As a member of the WTO, the Chinese government is scheduled to fully open up its market to the international business community by 11 December 2004. The Chinese Ministry of Commerce recently issued a new foreign trading policy, Shangwubuling [2004]No. 8 "Administrative Measures of Foreign Investment in Commercial Sectors" ("Administrative Measures"), to meet the foreign trading requirements of the WTO treaty. As from 1 June 2004, this new policy will replace the current "Provisional Measures for Foreign Investment by Commercial Enterprise" ("Provisional Measures") issued in June 1999, which sets forth rules and regulations for Foreign Invested Commercial Enterprises ("FICEs") to conduct commission agency, wholesale, retail and franchise businesses in China.

Compared to the Provisional Measures, the Administrative Measures impose far fewer restrictions on foreign investors wishing to carry out trade in China.

Currently, foreign investors generally are not permitted to import or export goods and sell them directly to Chinese customers. In most cases, foreign investors must conduct their trading business through an import or export company or by establishing a trading company in one of the free trade zones. Alternatively, foreign investors may set up a FICE with a Chinese partner to conduct cross border trade and sell products directly to Chinese customers through wholesale, retail or franchise outlets. However, because the Provisional Measures impose numerous restrictions on foreign investors' ability to set up a FICE, many foreign investors are unable to satisfy the requirements and thus are left with few viable options.

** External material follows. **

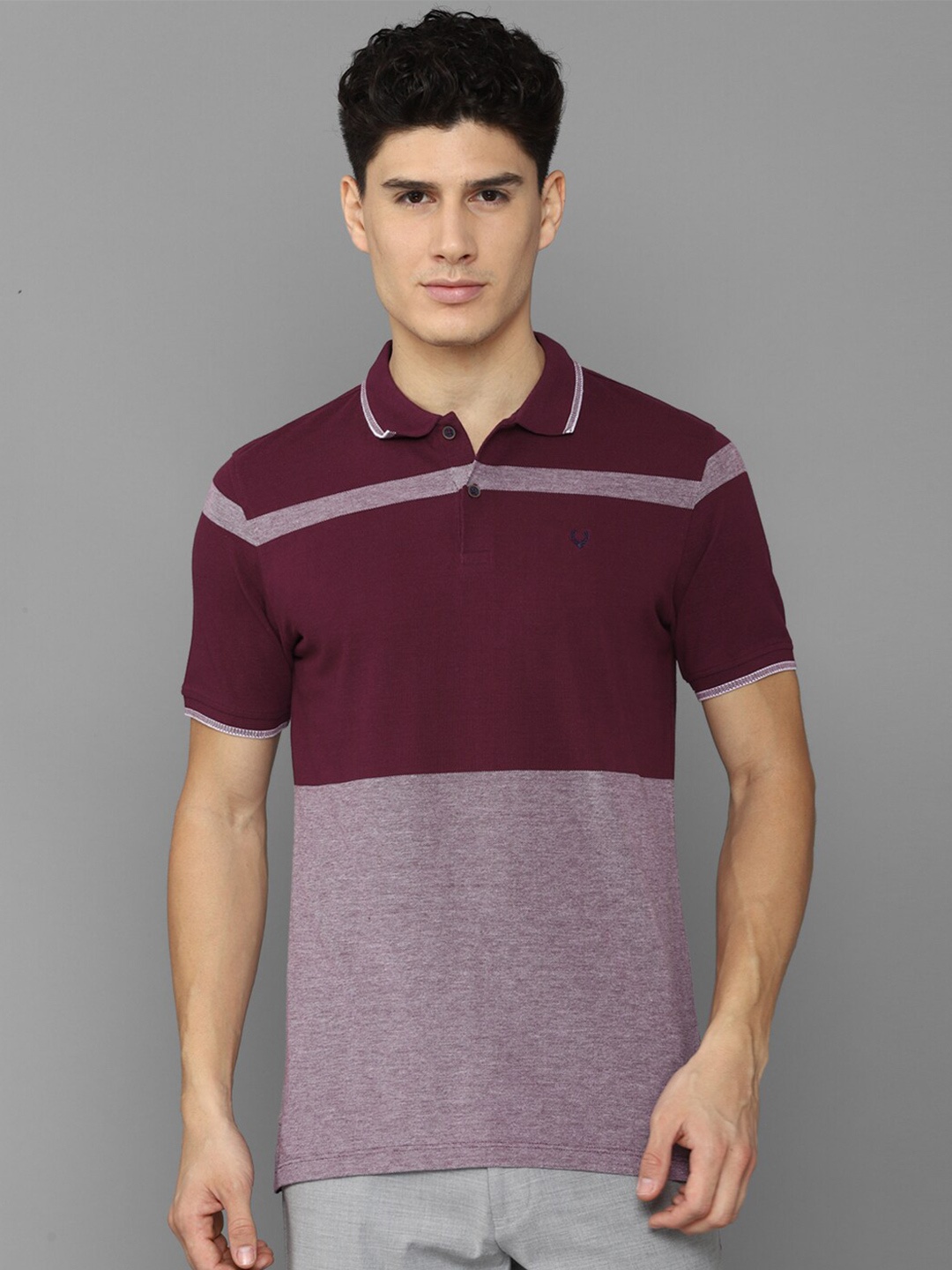 

Allen Solly Men Colourblocked Polo Collar T-shirt, Purple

As from 1 June 2004, the new rules for FICEs will significantly improve opportunities for foreign investors, in particular with respect to the wholesale, retail and franchise sectors. Major policy changes enunciated in the Administrative Measures include the following:

  • Foreign investors will no longer be required to own less than 65% of a FICE. Further, after 11 December 2004, foreign investors will be allowed to set up a wholly owned foreign commercial enterprise that conducts a commission agency, wholesale, retail or franchise business with its own import and export rights.
  • Now assets or sales volume requirements will be imposed on Chinese or foreign investors of FICEs.
  • The minimum registered capital requirement of FICEs will be reduced significantly to the amount provided for in the PRC Company Law. According to the Company Law, the minimum registered capital should be no less than RMB500,000 for foreign-invested wholesale companies and RMB300,000 for foreign-invested retail companies.

As a result of these changes, the China market will become available, for the first time, to many small and medium-sized foreign companies that are interested in doing business in China through their own distribution systems and / or retail stores.

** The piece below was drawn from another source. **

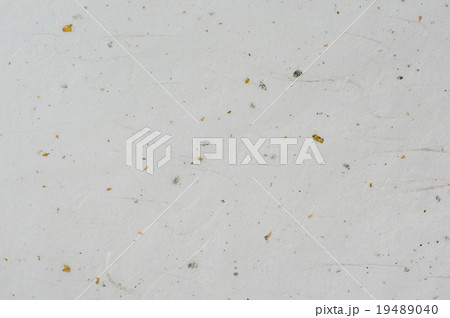 金箔銀箔漉き込み和紙 19489040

The Administrative Measures also provide that as from 1 January 2004, commercial service providers from the Hong Kong Special Administrative Region and the Macao Special Administrative Region may establish wholly owned foreign commercial enterprises in China to import and export goods and sell products through commission agency, wholesale, retail and franchise outlets.

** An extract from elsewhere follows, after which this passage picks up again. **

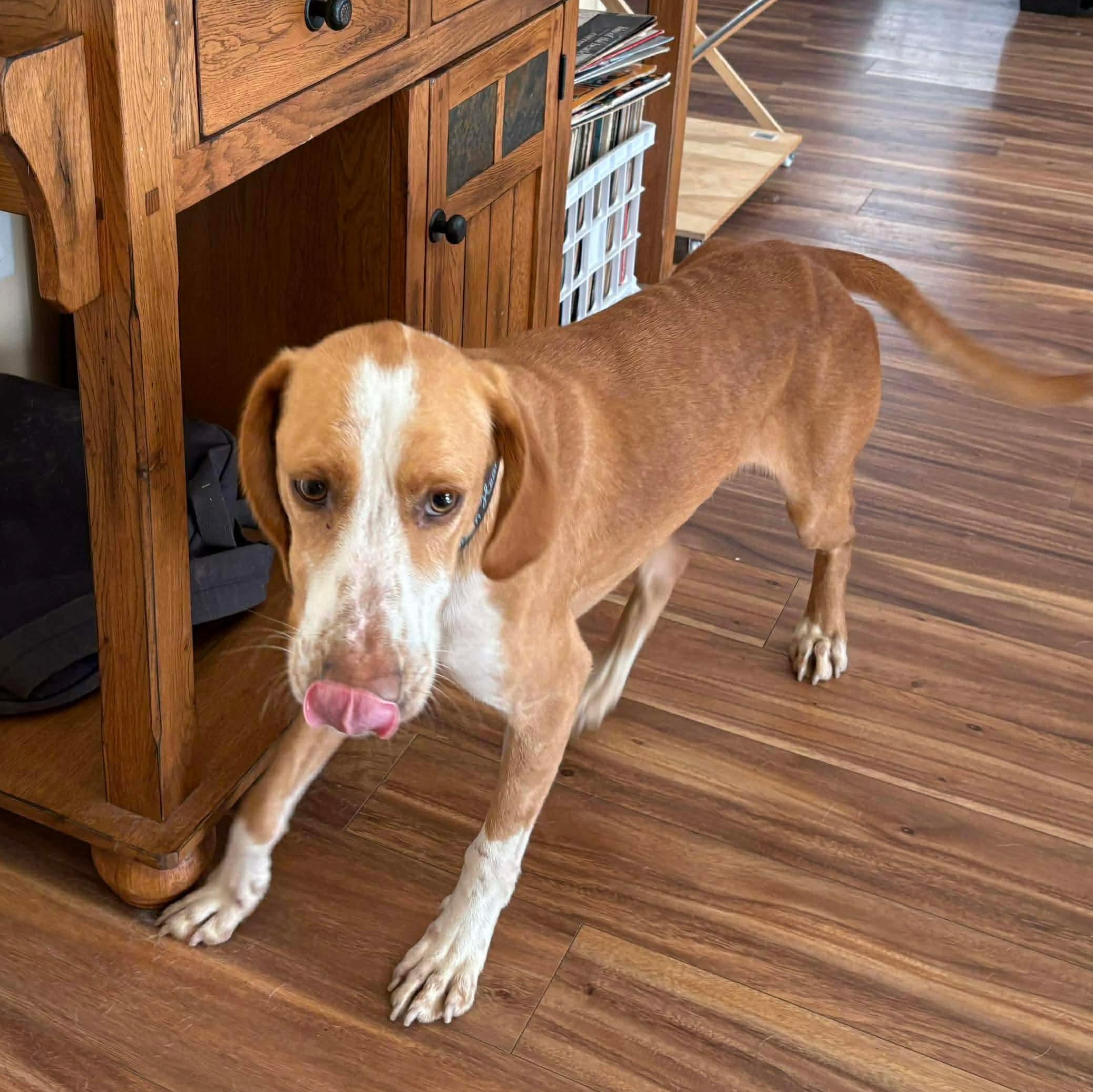 Enlarge Hank, a ADOPTABLE Hound in Wando, SC image 3/6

According to the Administrative Measures, foreign investors that intend to establish a joint venture of a commercial enterprise or wholly owned foreign commercial enterprise after 11 December 2004 should apply to the local provincial Ministry of Commerce ("Local MOC") for approval. Once the Local MOC receives all the relevant documentation, it should take no more than one month to conduct a preliminary review and present the application to the MOC for final approval. The MOC should make its decision on the application within three months.

If a foreign investor has already set up a joint venture or wholly owned foreign enterprise in China, it may expand or change the scope of its business to include wholesale, retail, franchise and trade as permitted by the FICE from the effective date of the new policy. No further information is provided in the Administrative Measures as to the procedures and required documents for making such a change.

The new foreign trading policy will allow more foreign companies to conduct business in China in a more liberal and friendly commercial environment. Foreign investors that are considering entering the China market or that already have a presence in China should take a close look at the new policy and adjust their business and tax planning accordingly.


Revised Foreign Trade Law to take Effect

The Administrative Licensing Law and the revised Law on Foreign Trade, which experts say would help build a government under the rule of law and protect intellectual property rights in foreign trade, will take effect with 4 other new laws on Thursday (July 1) in China.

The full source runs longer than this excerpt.